In this section, we propose a hardware architecture design for each of the new optimized algorithms O-CIOS and O-FIOS discussed in the previous section. The O-CIOS design focuses on minimizing area usage while the design for O-FIOS focuses on maximizing the frequency and minimizing the total multiplication time.

### 4.1 Proposed O-CIOS Architecture

The proposed O-CIOS architecture is illustrated in Fig. 1 which mainly improves the area usage in comparison to the ones adopted before for hardware implementations. The architecture is composed of several processing elements (PEs) cascaded to perform the multiplication and reduction steps as can be seen in



**Fig. 1.** (a) Proposed O-CIOS architecture. (b) Processing element. (c) Design for input b and p. (d) Design for input a.

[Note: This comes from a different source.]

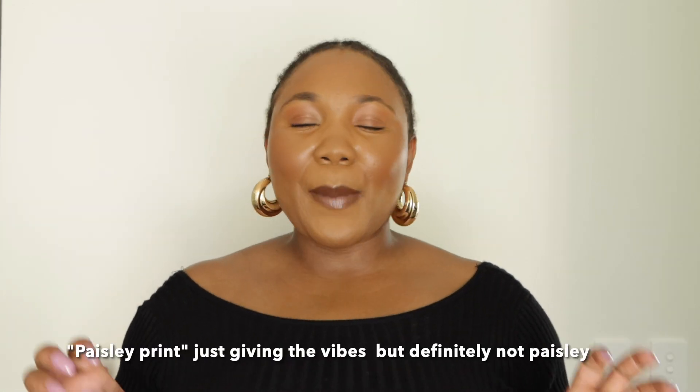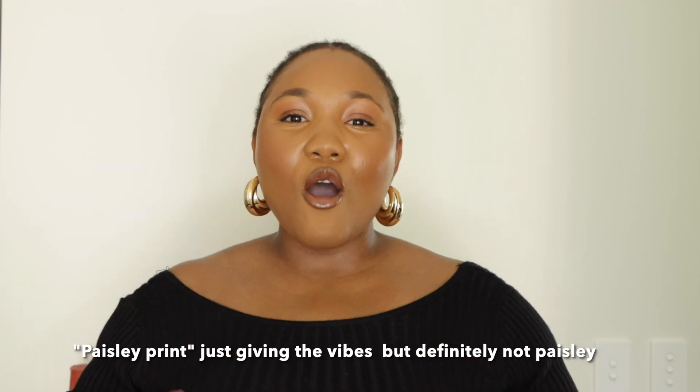Next up we have this paisley print long flowy summer dress. I love the frills at the front and just how it accentuates the top. At the back it's got a bow that you tie around — it's a bit tricky if you're by yourself but you will make do. I did pick it up in a size extra large and I'm going to go back to the store to get either a medium or a large.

Fig. 1(a). Each PE performs a multiplication and an addition in parallel followed by an addition corresponding to lines 5 and 12 in Algorithm 4 as shown in Fig. 1(b). Notice that unlike Mrabet's design [10], no final PEs for multiplication and reduction are required since lines 7 and 14 are respectively similar to lines 5 and 12 with some registers set to 0. In addition, line 10 can be integrated in the reduction PE (line 12) since  $T[0] + m \cdot p[0] = T[0] \cdot 2^w$  which implies C = T[0] before performing the first iteration.

Each odd PE performs the entire first inner loop (lines 4–6) and line 7 (multiplication step) of one outer iteration while each even PE performs entire second inner loop (lines 11–13) and line 14 (reduction step) of one outer iteration. There is one fan-out needed in the output of the multiplication PE to store m for the reduction PE.

Once the PE is finished with processing one iteration, it processes another iteration, which can be seen by the loop-back after the last PE. There is a delay of 3 cycles between two consecutive multiplication or reduction PEs corresponding to one multiplication, one reduction, and computing m cycles. Therefore, to minimize the number of cycles, the number of PEs used is  $\lfloor (s+1)/3 \rfloor$ . This means that each PE performs 2 or 3 iterations. Thus, each PE uses 2 or 3 different words of input a as can be seen in Fig. 1(c). Words from inputs b and p rotate across each PE as shown in Fig. 1(d). The number of cycles required for this architecture to compute Montgomery multiplication is 4s cycles. For instance, for p434, O-CIOS requires 112 clock cycles.

#### 4.2 O-FIOS Architecture

The proposed O-FIOS architecture is illustrated in Figs. 2 and 3. As one can see, Fig. 2(a) illustrates the proposed systolic architecture based on PEs. This architecture focuses on improving timing results by parallelizing the multiplication and reduction steps. The initial PE (Fig. 2(b)) computes m and the first carry for each iteration (lines 3–5 in Algorithm 5). The remaining PEs (Fig. 3(c)) perform two consecutive iterations of the inner loop (lines 7–8). Therefore, each PE processes two words of input b and prime p following Fig. 3(d) and outputs the two words of the output following Fig. 3(e). Words for input a are pushed serially using a shift register (Fig. 3(f)) into the initial PE and propagated to the next PE after two cycles corresponding to the two consecutive iterations mentioned earlier. Similarly, m is propagated through each PE after being evaluated in the initial PE.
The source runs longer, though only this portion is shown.